La loi bloque les choses. Il faut deux tiers des voix, 66 %, pour faire passer un amendement. On n'y arrivera jamais. Les gens vont marchander, c'est imbécile. Ce n'est plus de l'aménagement du territoire. Si ça devient une affaire politicienne, c'est une hérésie. C'est une erreur de la préfète, elle a fait un machin qui crée des conflits.
Dans le reste du département, en Bergeracois ça va à peu près, même s'il y a le problème de périmètre avec Sigoulès. Belvès et Domme ne veulent pas aller ensemble. Entre Montignac et Terrasson, ce n'est pas réglé. Dans l'ouest, autour de Ribérac, on a trouvé des solutions en discutant. En tout, il n'y a que neuf consensus intégraux sur les 24 propositions sur les communautés de communes. Ce qui fait quinze rejets ! Sans parler des syndicats. Sur les transports scolaires, ce n'est pas possible de les supprimer sur le terrain comme on nous le propose.
Quel rôle peut avoir le Conseil général dans ces découpages ?
Ce sont d'abord des affaires locales. Et c'est la commission départementale qui s'en occupe avec au bureau Jacky Monmarson (PS), Jacques Auzou (PCF) et Thierry Boidé (divers droite). Moi, je n'ai pas à m'en mêler. C'est d'abord le préfet qui mène l'affaire.
Je pense qu'on ne trouvera pas toutes les solutions avant la présidentielle. Il y aura des prolongations. Et il y aura aussi de nombreux appels judiciaires... Cette loi est mal ficelée et si la gauche revient, on devra la revoir.
La rentrée commence mal sur le front économique et social : le chômage est en hausse et il y a des difficultés dans des entreprises comme Isoa.
La situation économique est mauvaise ici comme dans toute la France, et même plus. On a eu une hausse de plus 6 000 chômeurs en trois ans en Dordogne. On le voit bien au niveau du RSA dont est chargé le Conseil général. On a eu plus 6 %, soit 400 personnes supplémentaires cette année. On est passé à 7 100 personnes au RSA. C'est un indicateur. Pour le Conseil général, cela représente 35 millions d'euros. Il y a beaucoup de gens qui souffrent : on les aide comme on peut avec nos assistantes sociales.
Les entreprises souffrent du crédit qui se raréfie : les banques ne prennent plus de risques. Il y a les problèmes dans l'immobilier, dans la construction... On perd des emplois à Bergerac NC, Périgord Tabac, la Sotech, Teton et maintenant Isoa. Heureusement tout n'est pas noir, il y a aussi des entreprises qui embauchent comme Durlin à Bergerac, Kimo à Montpon, Hermès à Nontron, Repetto à Saint-Médard-d'Excideuil...

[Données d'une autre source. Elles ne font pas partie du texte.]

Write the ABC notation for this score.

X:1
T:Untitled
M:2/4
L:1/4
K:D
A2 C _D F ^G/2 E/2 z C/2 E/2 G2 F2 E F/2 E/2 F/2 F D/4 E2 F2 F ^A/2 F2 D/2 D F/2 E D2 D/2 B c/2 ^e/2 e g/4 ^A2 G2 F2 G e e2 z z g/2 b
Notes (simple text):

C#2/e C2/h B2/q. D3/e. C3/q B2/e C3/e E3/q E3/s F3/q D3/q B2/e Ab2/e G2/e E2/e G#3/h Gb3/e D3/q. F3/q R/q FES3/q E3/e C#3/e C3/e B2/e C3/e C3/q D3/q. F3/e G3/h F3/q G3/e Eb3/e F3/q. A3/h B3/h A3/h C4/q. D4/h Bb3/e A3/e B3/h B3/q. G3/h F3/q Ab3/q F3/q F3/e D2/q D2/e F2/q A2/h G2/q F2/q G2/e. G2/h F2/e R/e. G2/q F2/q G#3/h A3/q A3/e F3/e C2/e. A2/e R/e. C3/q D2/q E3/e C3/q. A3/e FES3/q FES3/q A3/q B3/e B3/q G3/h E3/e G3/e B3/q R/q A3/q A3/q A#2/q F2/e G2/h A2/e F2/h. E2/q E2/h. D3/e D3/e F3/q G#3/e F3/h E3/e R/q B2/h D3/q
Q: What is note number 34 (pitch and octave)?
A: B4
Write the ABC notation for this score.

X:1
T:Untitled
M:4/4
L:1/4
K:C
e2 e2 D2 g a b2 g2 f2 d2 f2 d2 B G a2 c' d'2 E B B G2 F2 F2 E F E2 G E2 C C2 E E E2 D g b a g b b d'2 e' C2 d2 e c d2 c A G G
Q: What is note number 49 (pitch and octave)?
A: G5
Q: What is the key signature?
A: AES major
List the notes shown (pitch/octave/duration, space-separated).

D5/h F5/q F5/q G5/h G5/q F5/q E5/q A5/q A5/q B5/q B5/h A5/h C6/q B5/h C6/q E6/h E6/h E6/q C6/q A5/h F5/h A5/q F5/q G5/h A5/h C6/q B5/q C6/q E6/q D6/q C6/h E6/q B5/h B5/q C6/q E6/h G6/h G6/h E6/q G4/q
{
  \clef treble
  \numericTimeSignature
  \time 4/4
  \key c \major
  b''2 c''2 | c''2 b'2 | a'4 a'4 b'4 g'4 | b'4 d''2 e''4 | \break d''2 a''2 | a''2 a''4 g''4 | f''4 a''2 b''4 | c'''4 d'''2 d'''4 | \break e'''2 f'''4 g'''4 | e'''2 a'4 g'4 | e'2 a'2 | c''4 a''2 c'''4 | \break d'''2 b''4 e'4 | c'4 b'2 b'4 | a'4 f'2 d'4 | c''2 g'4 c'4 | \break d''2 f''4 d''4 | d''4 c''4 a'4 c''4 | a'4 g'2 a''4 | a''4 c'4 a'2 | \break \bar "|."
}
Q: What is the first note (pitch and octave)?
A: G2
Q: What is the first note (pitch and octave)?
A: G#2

Vous misez beaucoup sur le tourisme, notamment avec la préhistoire.
Le tourisme marche bien et c'est une bonne année. Les sites de la Sémitour sont en hausse de fréquentation : Lascaux 2 plus 8,5 %, au centre d'accueil du Pôle international de la préhistoire, aux Eyzies, il y a eu 50 000 visiteurs ces deux derniers mois, plus 17 % pour la grotte du Grand Roc, qu'on a bien fait d'acheter, plus 11,5 % pour Cadouin...
Pour Lascaux, on réfléchit à des solutions en attendant Lascaux 4 : peut-être élargir les horaires des visites en soirée, mais ça coûtera plus cher en personnel.
Où en sont justement les projets de fac-similés de Lascaux 3 (itinérant) et de Lascaux 4 (réplique complète à Montignac) ?
Pour Lascaux 3, les contacts se prennent pour des expositions en 2013 d'abord en France, puis à Montréal, Chicago et ensuite une tournée en Asie.
Lascaux 4, c'est un gros budget avec l'État et la Région : 45 millions d'euros hors taxes. On aura les études à la fin de l'année, le concours d'architecte entre janvier et mai 2012, les appels d'offres ensuite pour des travaux jusqu'en 2014, voire 2015. Cela dépendra des finances.
Vous misez aussi sur les tournages de cinéma.
On en accueille de plus en plus. En ce moment commence « Jappelou », un film de 20 millions d'euros. Il devrait faire 630 000 euros de retombées sur le département avec les figurants, les hébergements, les décors... Il y a la série « Rani » qui va sortir, « Ici-bas », le film de Jean-Pierre Denis, qui va remuer le monde : la religieuse qui a trahi, ça va faire parler !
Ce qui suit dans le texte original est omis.